31. Je la revoyais, dans un kaléïdoscope éperdu, me conduisant par la main, me portant sur son dos à « pillaro », disait-elle, comme les marchands de fripes ou de peaux de lapin, me menant dans
les champs à la quête des herbes […]. (G. Georgy, La Folle avoine, 1991, 225.)
◆◆ commentaire. Emprunt aux dialectes occitans, attesté dep. 1609 dans le français d’Auvergne (Besse,
ChambonMarquis), v. encore Chabreuges peliarot (1781/1786, R. Darpoux, Almanach de Brioude, 1986, 39), peillerot apparaît tardivement dans la lexicographie de référence (19e s.), et, aujourd’hui encore, n’est pas complètement adapté à la langue d’emprunt ;
en témoignent les graphies multiples, souvent reflets de prononciations locales [pɛjʀo, pɛjɑʀo, pijʀo] et de l’absence de repères dans l’usage. De même, pour ce qui est du champ sémantique
couvert, référant à un « chiffonnier rural » (Lar 1874 ; PLI 1906 ; Quillet 1965 ; Lar 20e s.), et surtout à un mode de vie aujourd’hui disparu. Le terme est sauvé par le pittoresque
de la silhouette évoquée (d’où le registre des vêtements négligés, de la personne
inquiétante), du dos courbé sous la charge (d’où le thème du jeu d’enfant). TLF marque
le terme « région. (Auvergne, Limousin) ». L’aire d’emploi actuelle couvre le Languedoc où l’usage est le plus dense (Languedoc
oriental, 90 % ; Languedoc occidental, 85 %), le Roussillon, le Massif Central jusqu’à
l’Allier et le sud de l’Indre et du Cher. L’aire d’emploi de peillerot s’inscrit dans l’aire couverte par peille* mais en retrait ; elle est, par ailleurs, pratiquement le calque de l’aire dialectale
(Indre [pœjʁo], Allier [pijʁo, pejʁo], Languedoc occ. [peljaʁɔk, peljaʁɔt], Auvergne [piljaʀo, peljaʀo]) ; le régionalisme se signale donc par une absence de vitalité propre. 1. est un emploi familier référant au passé sauf dans quelques emplois techniques (à
Ambert notamment, en relation avec l’industrie papetière). 2. utilise le personnage emblématique sur le mode ironique ou plaisant dans les comparaisons
ou comme référence. 3. n’est qu’une survivance. Le terme se maintient aujourd’hui dans les discours familiers,
ou en littérature, pour évoquer un personnage bien typé.

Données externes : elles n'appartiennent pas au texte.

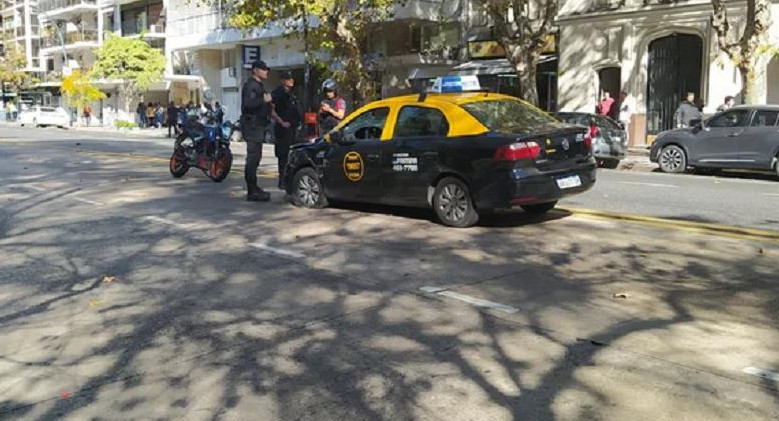 El taxi que embistió a las tres chicas y luego chocó con otros dos autos en Palermo. Foto: Twitter.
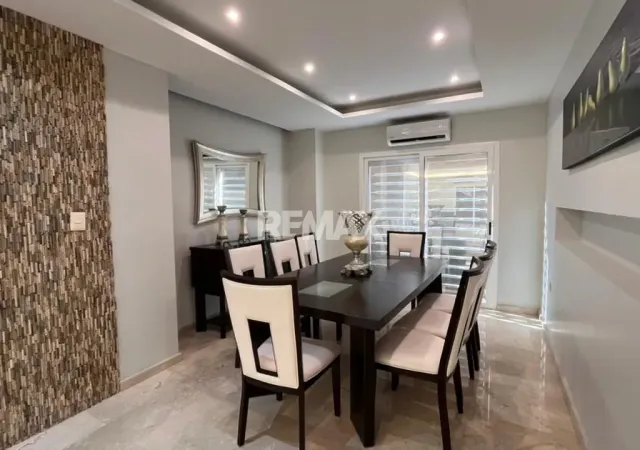 En Venta Casa o TownHouse Villas Paraiso Sector Las Virtudes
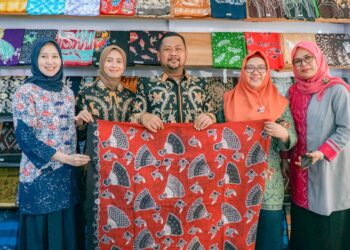 Tenun, Batik Hingga Olahan Makanan, Galeri Dekranasda Jadi Etalase Produk Unggulan Kabupaten Gresik.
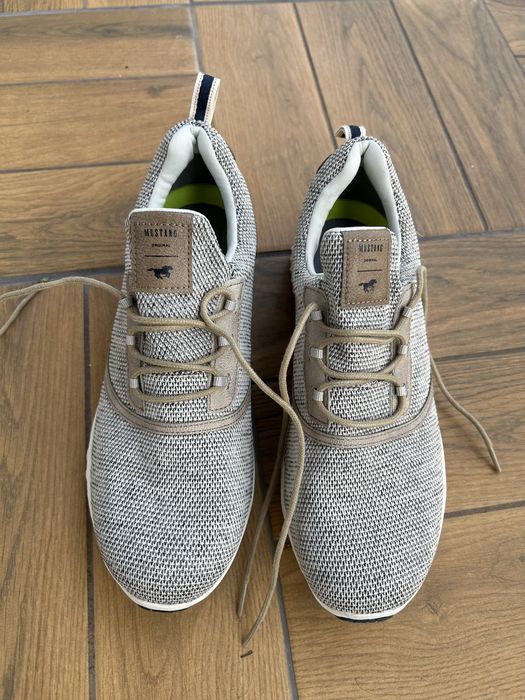 Обувки Mustang Бежов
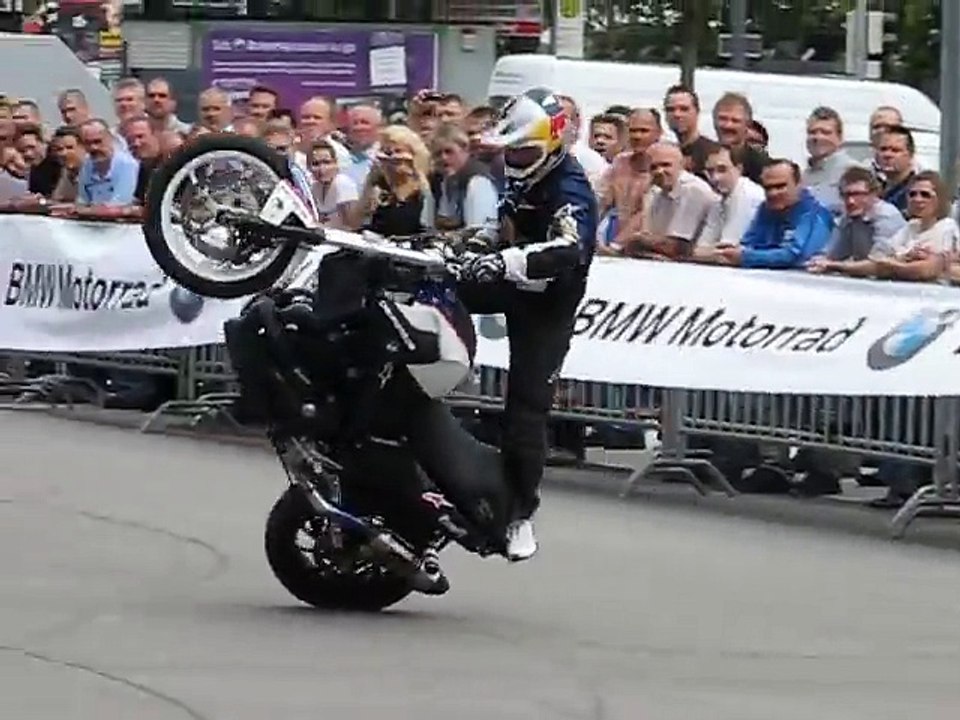 Christian Pfeiffer : SICK Stunt Show @ BMW World in Munich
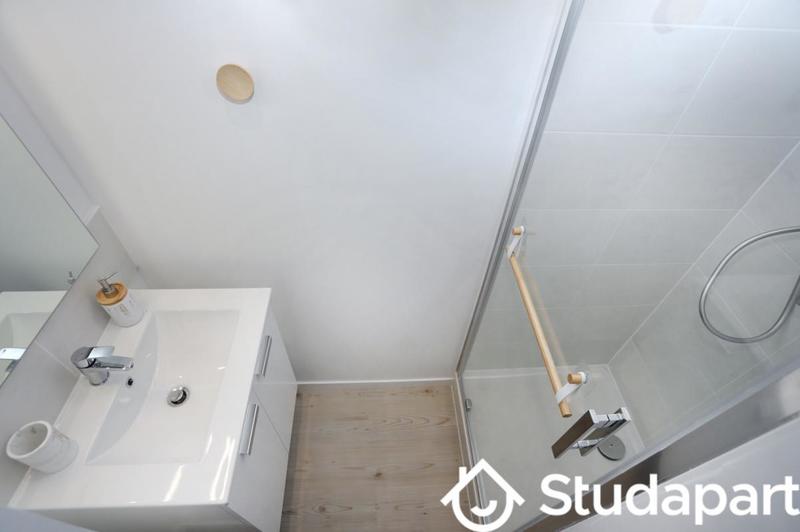 Chambre - 13 m² - 1 pièce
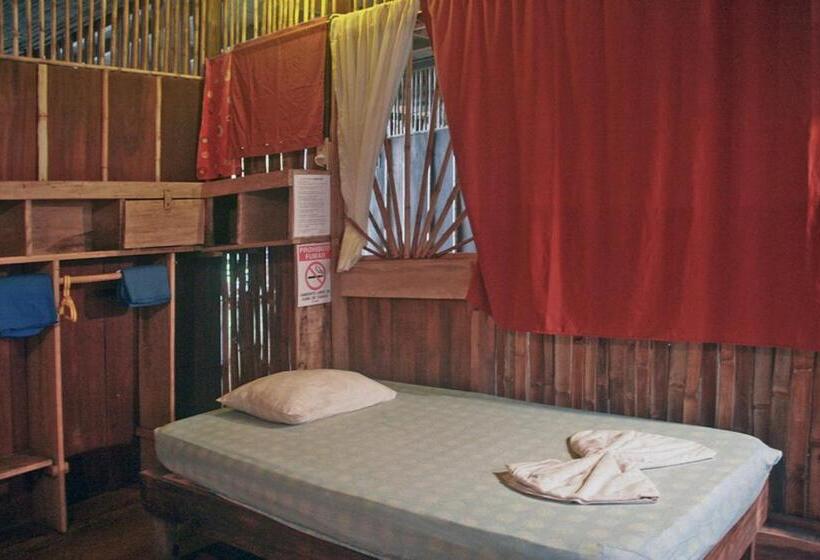 تختخواب در اتاق مشترک, Cascada Verde Hostel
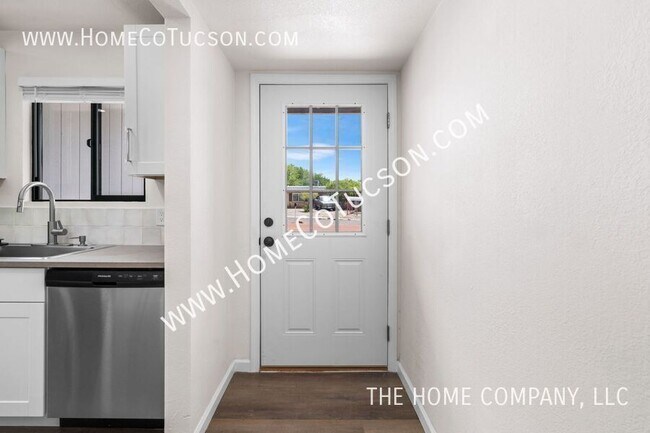 Foto del edificio - 7441 N Gilbert Pl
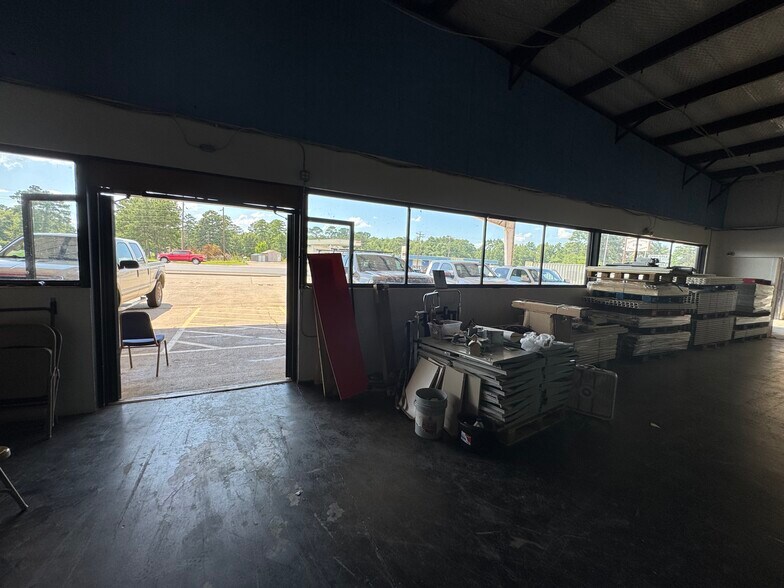 More Photos Of 7823 Highway 155, Coffee City Freestanding For Sale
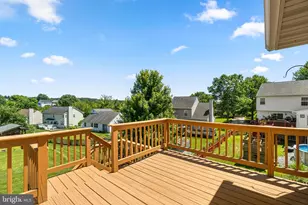 942 Litchfield Cir, Westminster, MD 21158 - Photo 36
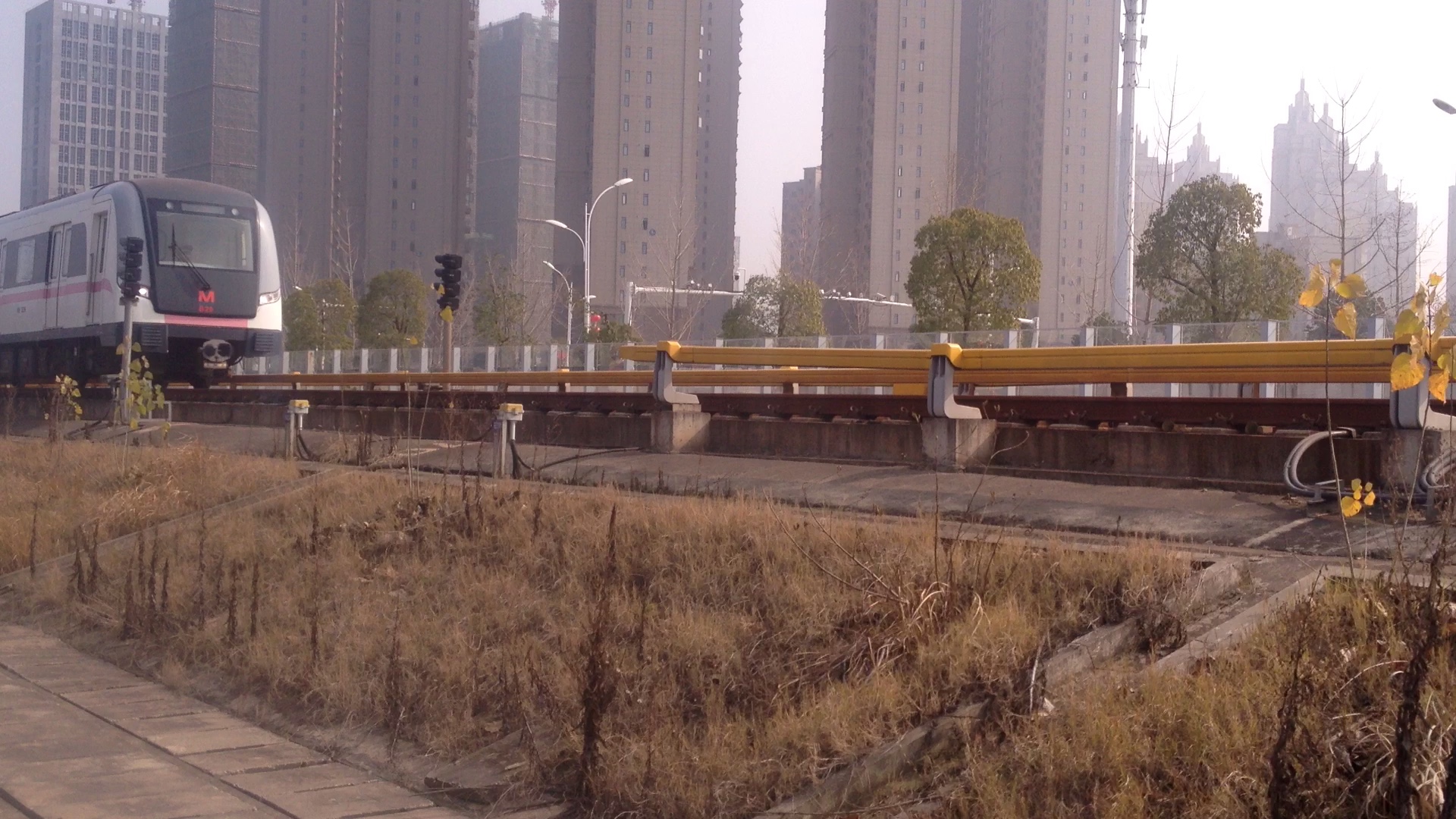 武汉地铁二号线 b29列车通过宏图大道-常青城区间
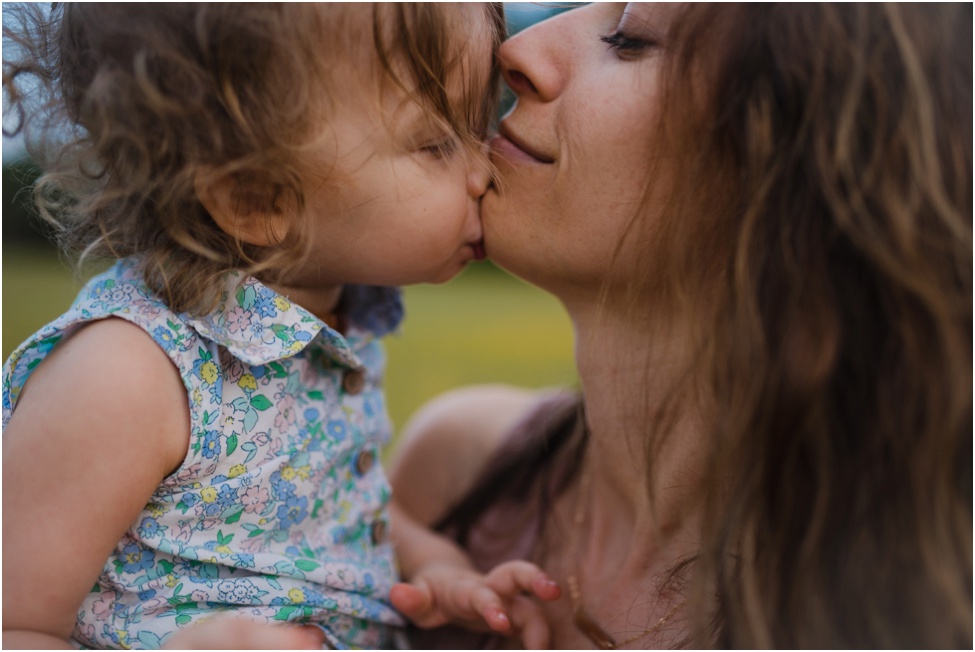 daughter kissing her momma | jacksonville children photographer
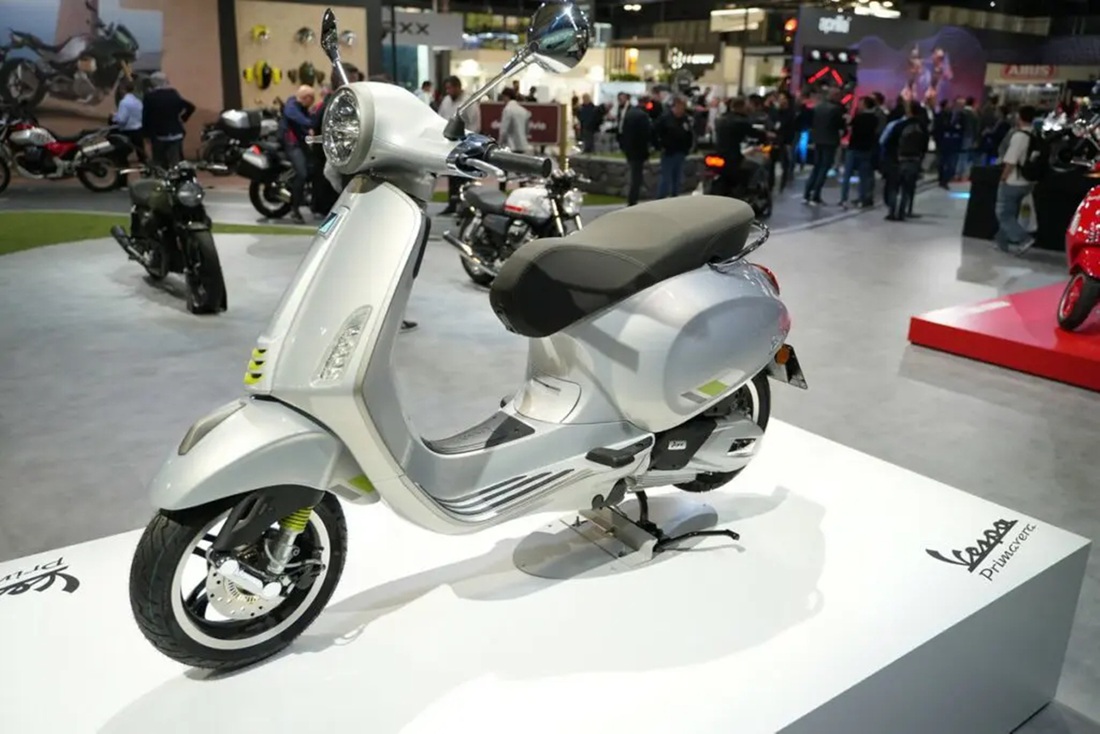 Vespa Primavera và Sprint S 2024: Không chỉ thay mỗi màu như trước, thêm bản chạy điện - Ảnh 11.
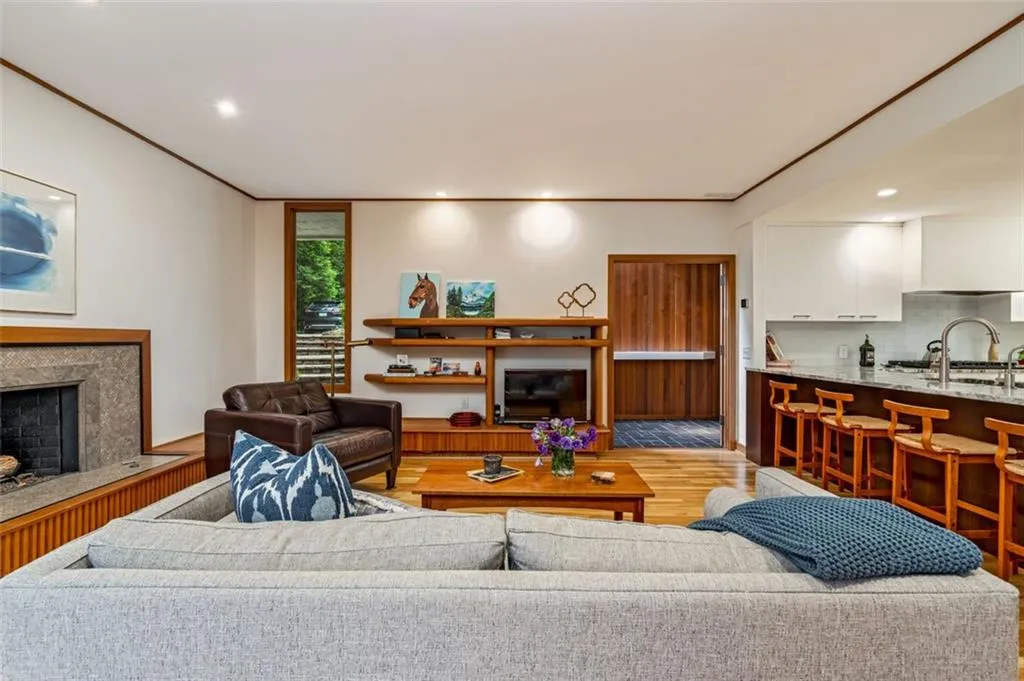 6125 River Chase Circle, Atlanta, Georgia 30328, 5 Bedrooms Bedrooms, ,3 BathroomsBathrooms,Residential,Sold,6125 River Chase Circle,6945203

◇◇ bibliographie. FEW 8, 496a, pilleum ; ChambonMarquis ; VillaGasc 1802 ; PomierHLoire 1835 ; JaubertBerry 1838 ; MègeClermF
1861 ; JaubertCentre 1864 ; PuitspeluLyon 1884 ; ChoussyBourbonn 1914 pillerot ; PrajouxRoanne 1934 « ancien » ; G. Dumont, Essai de folklore de la région de Bourbon-l’Archambault, Moulins, 1935 ; BrunetFranchesse 1937, s.v. peille ; SéguyToulouse 1950 « très commun » ; ManryClermF 1956 ; BrunetFrBourbonn 1993 [1964], s.v. peille ; PierdonPérigord 1971 ; BonnaudAuv 1976 ; GLLF 1976 ; NouvelAveyr 1978 « courant » ; RLiR 42 (1978), 180 pillareau (Puy-de-Dôme) ; M. Prival, Les Migrants de travail d’Auvergne et du Limousin au xxe siècle, Institut d’Études du Massif Central, Clermont-Ferrand, 1979 ; SabourinAubusson 1983
et 1998 ; TLF 12, 1986 ; JaffeuxMoissat 1987, 32 peyarau ; DesrichardSouvigny 1989, 525 ; CampsRoussillon 1991 ; LangloisSète 1991 ; BoisgontierMidiPyr
1992 ; CouCévennes 1992 peillarot, ‑ote, s.v. peille ; DubuissonBonBerryB 1993 ; PotteAuvThiers 1993 pelharaud ; PruilhèreAuv 1993 ; FauconHérault 1994 peillarot ; E. Coudert, Parlem 1996, 13 ; MoreuxRToulouse 2000 ; ALF B1501, ALCe 1046, ALMC 1218, ALLOc 1103.
△△ enquêtes. EnqDRF 1994-96. Taux de reconnaissance : Hérault, Lozère, 100 % ; Aude 90 % ; Languedoc occidental
85 % ; Allier, Puy-de-Dôme, 80 % ; Cantal, Gard, Pyrénées-Orientales, 65 % ; Cher
40 % ; Haute-Loire, 30 % ; Indre, 15 % ; Loir-et-Cher sud, 0 %.